TASK TO COMPLETE: Retype the line in which "Blue Flowers Min" appears, then every line after it until the records end. Leave out the pictures.

INPUT FOR THIS TASK:

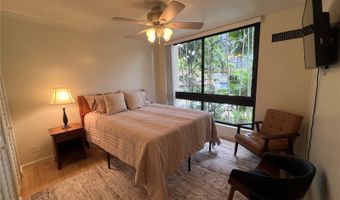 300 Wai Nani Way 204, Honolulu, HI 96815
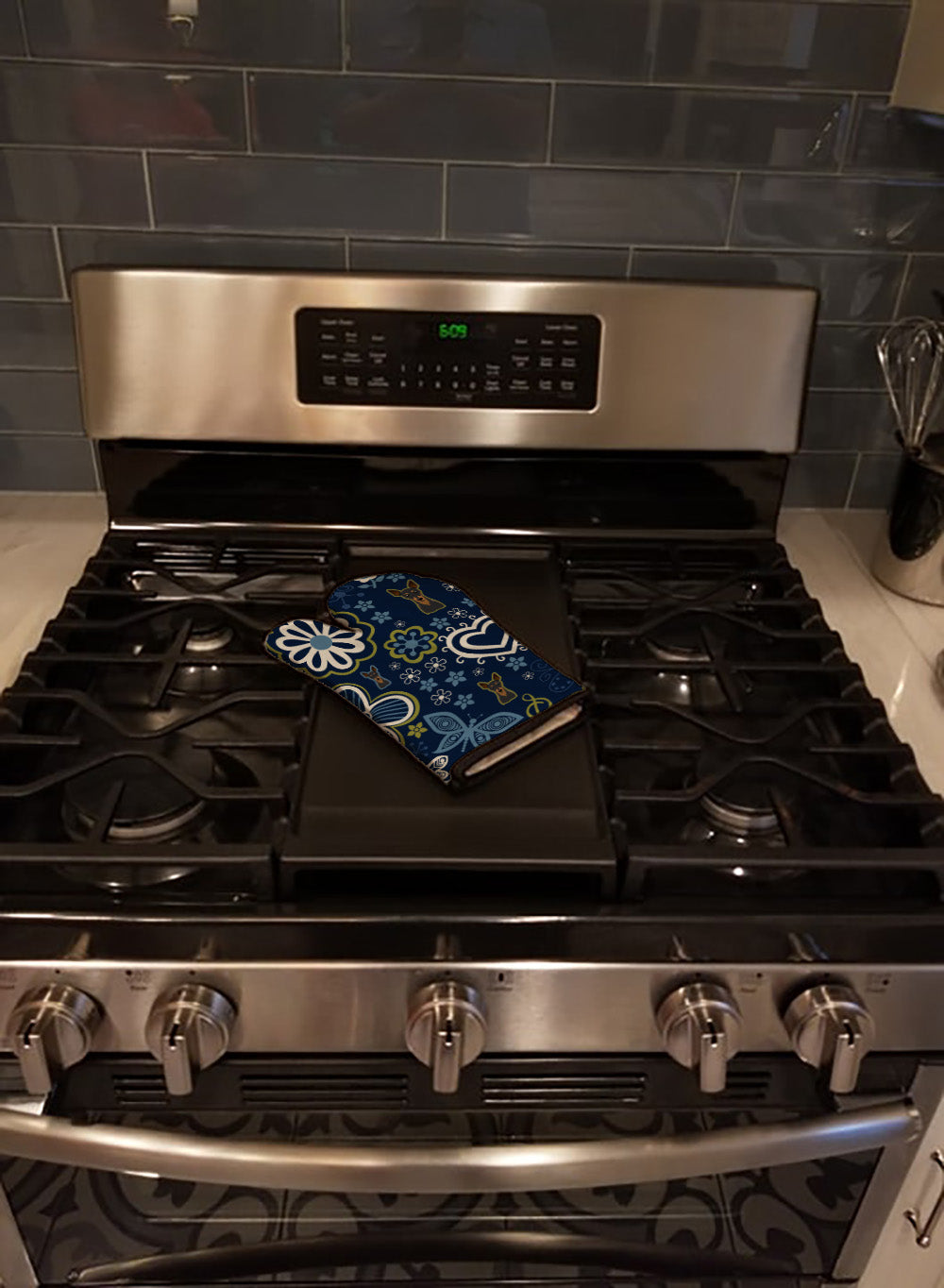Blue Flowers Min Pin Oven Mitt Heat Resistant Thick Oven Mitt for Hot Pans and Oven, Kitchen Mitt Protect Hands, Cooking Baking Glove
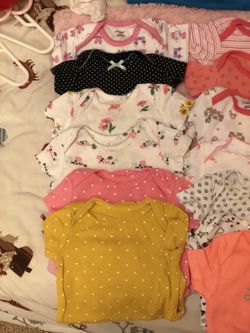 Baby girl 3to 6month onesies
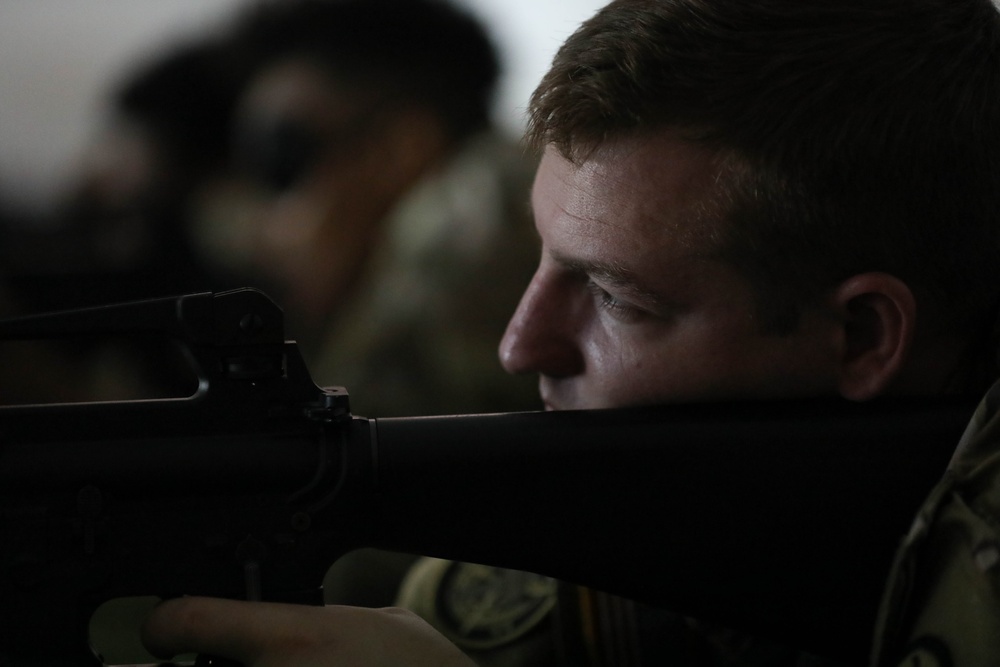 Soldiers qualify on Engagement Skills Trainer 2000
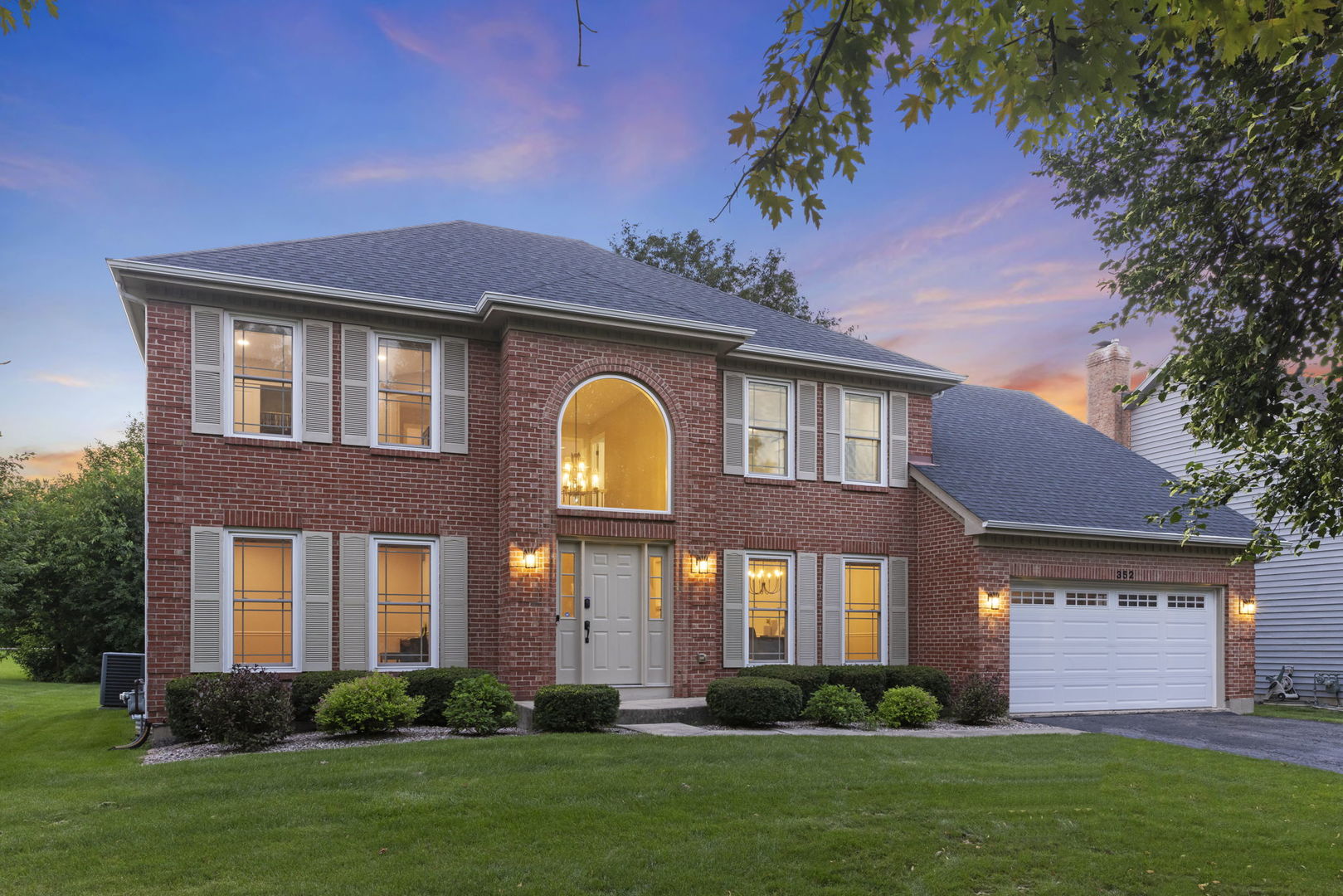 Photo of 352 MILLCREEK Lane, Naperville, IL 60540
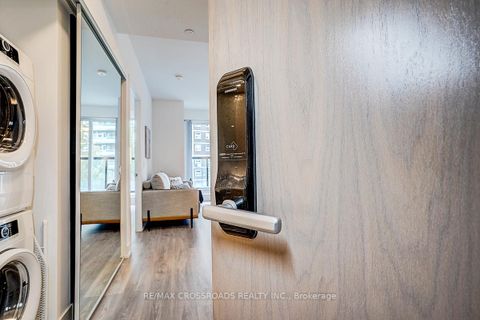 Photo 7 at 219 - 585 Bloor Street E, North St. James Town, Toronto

SOLUTION FOR THIS TASK:
Blue Flowers Min Pin Oven Mitt Heat Resistant Thick Oven Mitt for Hot Pans and Oven, Kitchen Mitt Protect Hands, Cooking Baking Glove
 Baby girl 3to 6month onesies
 Soldiers qualify on Engagement Skills Trainer 2000
 Photo of 352 MILLCREEK Lane, Naperville, IL 60540
 Photo 7 at 219 - 585 Bloor Street E, North St. James Town, Toronto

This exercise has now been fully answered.